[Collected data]

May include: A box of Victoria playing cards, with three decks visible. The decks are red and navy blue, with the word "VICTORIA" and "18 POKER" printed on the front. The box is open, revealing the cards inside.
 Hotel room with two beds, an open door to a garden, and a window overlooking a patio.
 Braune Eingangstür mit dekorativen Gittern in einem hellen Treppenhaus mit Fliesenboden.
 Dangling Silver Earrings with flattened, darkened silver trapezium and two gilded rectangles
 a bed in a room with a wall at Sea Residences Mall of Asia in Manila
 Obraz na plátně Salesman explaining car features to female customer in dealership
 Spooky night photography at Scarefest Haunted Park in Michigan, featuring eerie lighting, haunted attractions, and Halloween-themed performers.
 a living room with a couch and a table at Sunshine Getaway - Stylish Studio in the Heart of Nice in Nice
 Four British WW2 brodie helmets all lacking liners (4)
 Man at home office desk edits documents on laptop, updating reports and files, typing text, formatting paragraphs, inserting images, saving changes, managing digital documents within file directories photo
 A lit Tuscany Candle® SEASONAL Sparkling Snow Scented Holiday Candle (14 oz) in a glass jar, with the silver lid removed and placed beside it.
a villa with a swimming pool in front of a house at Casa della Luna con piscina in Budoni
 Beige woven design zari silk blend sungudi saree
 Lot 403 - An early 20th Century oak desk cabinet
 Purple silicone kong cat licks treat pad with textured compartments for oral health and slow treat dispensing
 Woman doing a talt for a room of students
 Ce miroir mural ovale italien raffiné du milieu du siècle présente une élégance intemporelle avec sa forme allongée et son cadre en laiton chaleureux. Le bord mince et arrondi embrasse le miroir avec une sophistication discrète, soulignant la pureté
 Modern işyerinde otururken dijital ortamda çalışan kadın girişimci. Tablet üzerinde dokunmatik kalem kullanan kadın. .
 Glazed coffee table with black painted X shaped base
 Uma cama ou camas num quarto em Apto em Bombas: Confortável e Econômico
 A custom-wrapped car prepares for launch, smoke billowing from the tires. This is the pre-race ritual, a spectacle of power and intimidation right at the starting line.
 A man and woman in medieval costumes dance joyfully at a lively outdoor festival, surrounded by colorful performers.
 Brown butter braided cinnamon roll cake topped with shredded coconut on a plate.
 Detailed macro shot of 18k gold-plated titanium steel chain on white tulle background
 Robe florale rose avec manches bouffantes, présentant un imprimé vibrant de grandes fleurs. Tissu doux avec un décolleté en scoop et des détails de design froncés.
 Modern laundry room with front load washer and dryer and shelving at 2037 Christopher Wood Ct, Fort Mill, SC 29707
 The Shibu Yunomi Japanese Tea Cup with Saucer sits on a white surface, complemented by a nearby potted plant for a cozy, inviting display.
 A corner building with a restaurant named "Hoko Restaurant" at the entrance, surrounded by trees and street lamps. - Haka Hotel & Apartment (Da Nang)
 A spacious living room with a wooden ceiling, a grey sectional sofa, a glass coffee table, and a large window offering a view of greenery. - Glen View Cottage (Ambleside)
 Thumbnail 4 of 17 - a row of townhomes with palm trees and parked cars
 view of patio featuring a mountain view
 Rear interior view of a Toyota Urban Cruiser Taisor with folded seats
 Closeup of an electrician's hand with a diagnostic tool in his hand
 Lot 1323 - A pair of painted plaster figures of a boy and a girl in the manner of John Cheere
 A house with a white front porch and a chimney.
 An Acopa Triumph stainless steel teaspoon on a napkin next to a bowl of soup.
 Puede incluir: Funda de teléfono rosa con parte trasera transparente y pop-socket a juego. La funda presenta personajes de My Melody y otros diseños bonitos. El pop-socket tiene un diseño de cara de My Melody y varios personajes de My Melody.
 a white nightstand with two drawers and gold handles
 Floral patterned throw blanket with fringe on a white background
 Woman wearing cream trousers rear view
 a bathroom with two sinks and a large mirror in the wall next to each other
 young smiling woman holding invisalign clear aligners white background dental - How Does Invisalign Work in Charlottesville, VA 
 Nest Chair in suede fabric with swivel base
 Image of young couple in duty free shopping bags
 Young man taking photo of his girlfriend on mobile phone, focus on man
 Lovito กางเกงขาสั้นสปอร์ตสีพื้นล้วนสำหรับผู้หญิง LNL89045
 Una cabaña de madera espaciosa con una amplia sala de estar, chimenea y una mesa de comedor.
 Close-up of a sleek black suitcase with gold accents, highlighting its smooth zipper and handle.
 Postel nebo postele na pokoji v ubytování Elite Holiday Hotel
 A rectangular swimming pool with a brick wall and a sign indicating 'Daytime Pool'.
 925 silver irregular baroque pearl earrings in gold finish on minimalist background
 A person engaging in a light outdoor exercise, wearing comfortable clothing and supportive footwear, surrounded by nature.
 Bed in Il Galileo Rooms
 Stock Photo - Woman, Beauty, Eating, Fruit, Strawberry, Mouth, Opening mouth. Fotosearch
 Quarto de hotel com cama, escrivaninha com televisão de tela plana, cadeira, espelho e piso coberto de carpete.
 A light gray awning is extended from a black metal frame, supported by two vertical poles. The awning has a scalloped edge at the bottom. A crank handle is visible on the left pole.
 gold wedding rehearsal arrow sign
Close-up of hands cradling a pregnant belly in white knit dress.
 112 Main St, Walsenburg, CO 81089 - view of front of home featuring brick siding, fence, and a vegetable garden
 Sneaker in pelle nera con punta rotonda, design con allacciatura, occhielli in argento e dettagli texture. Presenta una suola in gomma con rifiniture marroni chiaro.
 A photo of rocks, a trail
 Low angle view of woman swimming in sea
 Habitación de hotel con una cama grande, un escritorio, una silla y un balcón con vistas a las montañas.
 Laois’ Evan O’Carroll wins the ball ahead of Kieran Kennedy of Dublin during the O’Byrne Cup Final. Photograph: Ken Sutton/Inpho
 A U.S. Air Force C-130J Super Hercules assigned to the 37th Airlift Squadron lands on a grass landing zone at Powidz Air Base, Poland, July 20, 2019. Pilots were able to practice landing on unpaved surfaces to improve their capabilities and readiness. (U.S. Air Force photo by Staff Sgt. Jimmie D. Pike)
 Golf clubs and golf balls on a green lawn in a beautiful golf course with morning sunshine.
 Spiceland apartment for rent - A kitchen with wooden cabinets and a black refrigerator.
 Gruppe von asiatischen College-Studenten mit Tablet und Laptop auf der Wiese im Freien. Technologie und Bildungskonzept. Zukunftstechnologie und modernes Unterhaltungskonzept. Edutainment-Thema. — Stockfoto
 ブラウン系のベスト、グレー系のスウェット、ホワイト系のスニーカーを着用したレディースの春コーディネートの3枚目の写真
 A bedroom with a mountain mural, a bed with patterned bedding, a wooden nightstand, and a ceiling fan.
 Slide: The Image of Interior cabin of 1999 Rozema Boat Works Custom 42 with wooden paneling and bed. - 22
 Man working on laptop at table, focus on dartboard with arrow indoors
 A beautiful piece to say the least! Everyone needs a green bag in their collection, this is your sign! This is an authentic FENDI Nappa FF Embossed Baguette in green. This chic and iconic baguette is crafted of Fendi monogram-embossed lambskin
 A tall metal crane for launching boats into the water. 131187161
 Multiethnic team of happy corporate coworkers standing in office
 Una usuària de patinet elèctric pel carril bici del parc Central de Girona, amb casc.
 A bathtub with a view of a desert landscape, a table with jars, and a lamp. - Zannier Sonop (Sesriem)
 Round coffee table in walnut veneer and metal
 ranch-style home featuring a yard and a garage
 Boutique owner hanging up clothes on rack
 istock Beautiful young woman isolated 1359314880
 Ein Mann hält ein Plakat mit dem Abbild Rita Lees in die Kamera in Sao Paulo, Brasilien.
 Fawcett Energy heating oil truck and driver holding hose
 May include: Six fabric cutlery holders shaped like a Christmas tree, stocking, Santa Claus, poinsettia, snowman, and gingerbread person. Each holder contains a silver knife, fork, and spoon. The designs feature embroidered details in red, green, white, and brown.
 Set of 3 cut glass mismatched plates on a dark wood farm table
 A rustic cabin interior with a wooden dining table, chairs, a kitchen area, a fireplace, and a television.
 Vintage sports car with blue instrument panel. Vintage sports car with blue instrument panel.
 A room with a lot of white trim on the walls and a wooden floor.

**WORK TO COMPLETE**:
Scan the data above, please, and give the number of lines where the word "outdoor" occurs, with no further text.

**EXERCISE RESULT**:
2